We establish an accrual for loss contingencies when it is both probable that an asset has been impaired or a liability has been incurred and the amount of the loss can be reasonably estimated. When loss contingencies are not probable and cannot be reasonably estimated, we do not establish an accrual.  However, when there is at least a reasonable possibility that a loss has been incurred, but it is not probable or reasonably estimated, we disclose the nature of the loss contingency and an estimate of the possible loss or range of loss as applicable.  Any adjustment made to a loss contingency accrual during an accounting period affects the earnings of the period.

USE OF ESTIMATES

USE OF ESTIMATES

The preparation of financial statements in accordance with U.S. generally accepted accounting principles ("GAAP") requires management to make estimates and assumptions that affect the reported amounts of assets and liabilities, the disclosure of contingent assets and liabilities as of the date of the financial statements, and the reported amounts of revenue and expense during the reporting period. Predicting future events is inherently an imprecise activity and, as such, requires the use of judgment. Ultimate results could differ from those estimates. Changes in these estimates will be reflected in the financial statements in future periods. Significant estimates include warranty reserves, allowance for doubtful accounts, inventory reserves, and the valuation of deferred tax assets. 

STOCK‑BASED COMPENSATION

STOCK‑BASED COMPENSATION

We measure the cost of employee services received in exchange for the award of equity instruments based on the fair value of the award at the date of grant and recognize the cost over the period during which an employee is required to provide services in exchange for the award. Stock options or awards are granted at exercise prices equal to the closing market price of our stock on the day before the date of grant.

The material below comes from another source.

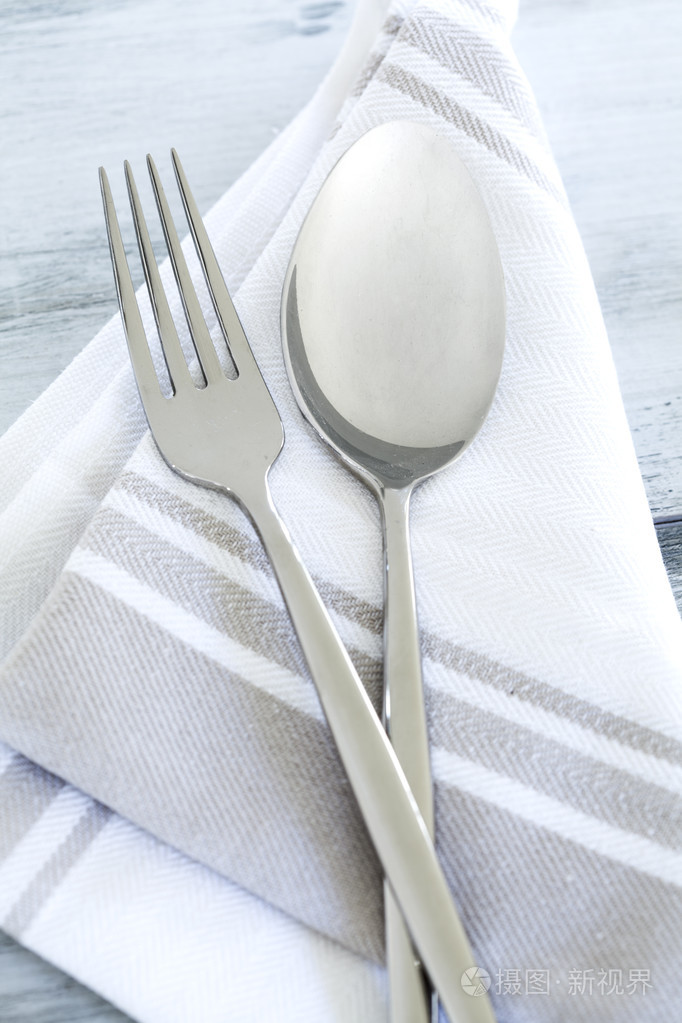 叉子和勺子在餐巾纸上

For purposes of determining the estimated fair value of stock options, we utilize a Black‑Scholes option pricing model, which requires the input of certain assumptions requiring management judgment. Because our employee stock option awards have characteristics significantly different from those of traded options, and because changes in the input assumptions can materially affect fair value estimates, existing models may not provide a reliable single measure of the fair value of employee stock options.  Management will continue to assess the assumptions and methodologies used to calculate estimated fair value of stock‑based compensation. Circumstances may change and additional data may become available over time that could result in changes to these assumptions and methodologies and thereby materially impact the fair value determination of future grants of stock‑based payment awards. If factors change and we employ different assumptions in future periods, the compensation expense recorded may differ significantly from the stock‑based compensation expense recorded in the current period.

RECENT ACCOUNTING PRONOUNCEMENTS

RECENT ACCOUNTING PRONOUNCEMENTS

Accounting pronouncements recently adopted

  

In August 2018, the Financial Accounting Standards Board ("FASB") issued ASU No. 2018-13, "Fair Value Measurements (Topic 820)" ("ASU 2018-13'). ASU 2018-13 eliminates, amends and adds disclosure requirements for fair value measurements. The standard is required to be adopted for annual periods beginning after December 15, 2019, including interim periods within that annual period, which is our fiscal year 2020. We adopted these changes as of January 1, 2020; however, there are no required changes that apply to our fair value measurements disclosures.